Le nouveau Cardinal Ricardo Ezzati Andrello et le Pape François, lors du Consistoire à la Basilique Saint-Pierre, le 22 février 2014, à la Cité du Vatican. 19 nouveaux cardinaux ont été créés lors d’une cérémonie au Vatican.
© Getty - (Photo by Peter Macdiarmid/Getty Images

Aux Etats-Unis aussi, le prestige de l’Eglise est tout autant terni.

La nomination récente de Mgr Wilton Gregory à la tête de l’Église catholique à Washington fait partie de ces signaux pour tenter montrer que les choses changent. Le pape a choisi un réformateur afro-américain, connu pour son engagement dans la lutte contre la pédo-criminalité. Mais peut-il restaurer l’image si abîmée de l’Église ? De son côté, le Los Angeles Times invite les responsables catholiques à la plus grande transparence.  
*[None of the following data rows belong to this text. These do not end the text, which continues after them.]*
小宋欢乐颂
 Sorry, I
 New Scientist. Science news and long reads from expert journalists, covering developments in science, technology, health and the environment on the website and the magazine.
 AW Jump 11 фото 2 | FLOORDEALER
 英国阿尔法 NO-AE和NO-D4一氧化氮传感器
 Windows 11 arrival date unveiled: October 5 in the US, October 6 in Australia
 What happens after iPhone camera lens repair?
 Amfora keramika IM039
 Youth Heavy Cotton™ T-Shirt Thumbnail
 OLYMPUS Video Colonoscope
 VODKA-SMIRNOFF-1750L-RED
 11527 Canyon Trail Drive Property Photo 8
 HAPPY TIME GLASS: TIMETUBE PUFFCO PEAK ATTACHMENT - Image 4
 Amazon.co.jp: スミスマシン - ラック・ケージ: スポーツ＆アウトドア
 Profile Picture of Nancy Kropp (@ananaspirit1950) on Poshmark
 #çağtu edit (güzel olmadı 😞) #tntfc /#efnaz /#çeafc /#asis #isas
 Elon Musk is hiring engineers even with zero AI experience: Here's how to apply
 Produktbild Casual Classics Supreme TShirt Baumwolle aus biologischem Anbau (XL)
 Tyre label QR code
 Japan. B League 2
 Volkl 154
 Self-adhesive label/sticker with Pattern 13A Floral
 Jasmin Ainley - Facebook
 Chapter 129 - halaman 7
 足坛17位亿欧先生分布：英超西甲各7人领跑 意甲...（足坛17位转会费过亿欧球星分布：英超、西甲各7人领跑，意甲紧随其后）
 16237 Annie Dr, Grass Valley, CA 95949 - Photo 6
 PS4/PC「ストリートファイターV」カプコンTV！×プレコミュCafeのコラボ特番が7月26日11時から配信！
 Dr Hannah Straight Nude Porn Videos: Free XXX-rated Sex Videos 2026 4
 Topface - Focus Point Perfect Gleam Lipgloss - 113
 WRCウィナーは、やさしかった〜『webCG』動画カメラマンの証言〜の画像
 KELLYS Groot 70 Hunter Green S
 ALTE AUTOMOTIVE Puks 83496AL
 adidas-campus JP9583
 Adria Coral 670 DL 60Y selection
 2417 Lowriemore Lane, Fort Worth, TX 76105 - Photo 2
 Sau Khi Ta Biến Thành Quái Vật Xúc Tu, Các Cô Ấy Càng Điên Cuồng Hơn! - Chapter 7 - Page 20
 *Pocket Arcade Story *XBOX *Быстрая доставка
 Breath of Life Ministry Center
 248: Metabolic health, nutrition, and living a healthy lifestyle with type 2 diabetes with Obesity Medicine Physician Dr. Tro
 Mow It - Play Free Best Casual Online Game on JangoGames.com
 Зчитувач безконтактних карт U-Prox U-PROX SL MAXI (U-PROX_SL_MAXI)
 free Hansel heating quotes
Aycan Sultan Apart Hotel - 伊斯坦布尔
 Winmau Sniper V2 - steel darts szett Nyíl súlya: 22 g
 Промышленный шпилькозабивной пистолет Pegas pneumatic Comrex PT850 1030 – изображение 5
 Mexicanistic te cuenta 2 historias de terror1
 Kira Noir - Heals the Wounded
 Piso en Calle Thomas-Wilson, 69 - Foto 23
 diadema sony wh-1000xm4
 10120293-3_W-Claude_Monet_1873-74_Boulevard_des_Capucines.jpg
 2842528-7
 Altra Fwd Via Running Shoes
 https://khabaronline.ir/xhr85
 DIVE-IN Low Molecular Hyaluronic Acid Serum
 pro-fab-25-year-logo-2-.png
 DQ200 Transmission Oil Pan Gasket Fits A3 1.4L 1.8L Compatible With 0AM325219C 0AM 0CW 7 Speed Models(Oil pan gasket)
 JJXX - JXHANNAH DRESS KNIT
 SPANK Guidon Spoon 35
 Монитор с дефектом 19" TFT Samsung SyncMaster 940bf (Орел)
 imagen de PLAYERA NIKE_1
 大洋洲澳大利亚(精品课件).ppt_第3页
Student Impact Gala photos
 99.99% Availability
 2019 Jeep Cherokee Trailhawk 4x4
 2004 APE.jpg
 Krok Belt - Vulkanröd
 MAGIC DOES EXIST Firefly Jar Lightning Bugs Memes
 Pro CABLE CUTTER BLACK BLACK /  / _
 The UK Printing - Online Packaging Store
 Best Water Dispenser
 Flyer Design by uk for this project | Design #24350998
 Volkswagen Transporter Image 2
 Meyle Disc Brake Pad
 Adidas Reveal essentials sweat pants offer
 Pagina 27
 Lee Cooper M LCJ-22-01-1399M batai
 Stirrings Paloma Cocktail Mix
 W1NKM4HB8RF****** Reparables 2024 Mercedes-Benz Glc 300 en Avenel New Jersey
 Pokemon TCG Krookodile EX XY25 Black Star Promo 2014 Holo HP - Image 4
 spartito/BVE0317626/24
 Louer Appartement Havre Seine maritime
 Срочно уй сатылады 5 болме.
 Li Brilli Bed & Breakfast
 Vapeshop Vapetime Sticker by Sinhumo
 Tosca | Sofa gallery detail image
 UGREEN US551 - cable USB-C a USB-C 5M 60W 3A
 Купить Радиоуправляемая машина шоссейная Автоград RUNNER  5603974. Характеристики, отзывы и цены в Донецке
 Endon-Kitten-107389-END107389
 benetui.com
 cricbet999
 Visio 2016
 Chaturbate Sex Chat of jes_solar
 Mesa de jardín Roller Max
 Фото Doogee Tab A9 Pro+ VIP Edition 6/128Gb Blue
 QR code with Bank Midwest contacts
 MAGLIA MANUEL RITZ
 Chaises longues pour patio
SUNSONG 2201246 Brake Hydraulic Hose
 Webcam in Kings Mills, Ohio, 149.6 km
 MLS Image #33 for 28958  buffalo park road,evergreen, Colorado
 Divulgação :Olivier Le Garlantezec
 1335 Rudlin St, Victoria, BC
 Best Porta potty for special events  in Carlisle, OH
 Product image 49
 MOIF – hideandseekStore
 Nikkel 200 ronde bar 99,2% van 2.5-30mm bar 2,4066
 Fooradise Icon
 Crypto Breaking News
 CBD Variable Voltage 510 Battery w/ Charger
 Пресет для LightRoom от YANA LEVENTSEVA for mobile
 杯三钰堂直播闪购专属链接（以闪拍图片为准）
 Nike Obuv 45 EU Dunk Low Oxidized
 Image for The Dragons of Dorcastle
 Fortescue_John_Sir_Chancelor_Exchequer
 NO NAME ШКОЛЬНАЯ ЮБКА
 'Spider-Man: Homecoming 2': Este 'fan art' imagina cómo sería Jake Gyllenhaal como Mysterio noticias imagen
Il est de plus en plus évident que la maltraitance des mineurs n’est qu’un aspect de la crise », écrit l’éditorialiste. « L’Église catholique doit traiter avec la même fermeté les prêtres qui abusent sexuellement ou exploitent des «adultes vulnérables», jeunes séminaristes, religieuses ou laïcs. Elle fait maintenant face à son propre mouvement # MeToo et doit réagir avec force. 

Pour certains, il est déjà trop tard. C’est le point de vue de Melinda Henneberger, édiorialiste à USA Today. Cette journaliste catholique raconte que lorsque le Boston Globe et le Philadelphia Inquirer ont révélé que plus de 130 évêques américains ont été accusés de ne pas avoir traité de manière appropriée l'inconduite sexuelle de prêtres, le cardinal de Boston, qui est, rappelle-t-elle, le principal conseiller du pape François sur ces questions, a déclaré : "Je suis choqué par ce chiffre, cela soulève beaucoup de questions dans mon esprit."

Une réaction qui suscite l’écœurement de Melinda Henneberger : « Je suis choquée qu’il soit sous le choc, écrit-elle, l'église s'est endormie. Depuis un siècle. ».

On observe le même type de réactions en Australie, où le cardinal Pell, ancien numéro trois du Vatican, a été condamné à six ans de prison, après avoir été reconnu coupable d'agression sexuelle sur deux enfants, en Allemagne et en Pologne. Pour la version irlandaise du quotidien The Times : 

Un gouffre sépare aujourd’hui l’Église catholique d’une part grandissante de ses fidèles 

Et pour l’auteur, rien ne sera réglé tant que l’Eglise ne s’attaquera pas à la racine du mal. 

L’Église catholique est obsédée par l’activité sexuelle, qu’il s’agisse de la réglementer, de la limiter ou de la dénoncer. Or, en empêchant les prêtres d’avoir des relations sexuelles normales, l’Église laisse la porte ouverte à des relations anormales , écrit-il.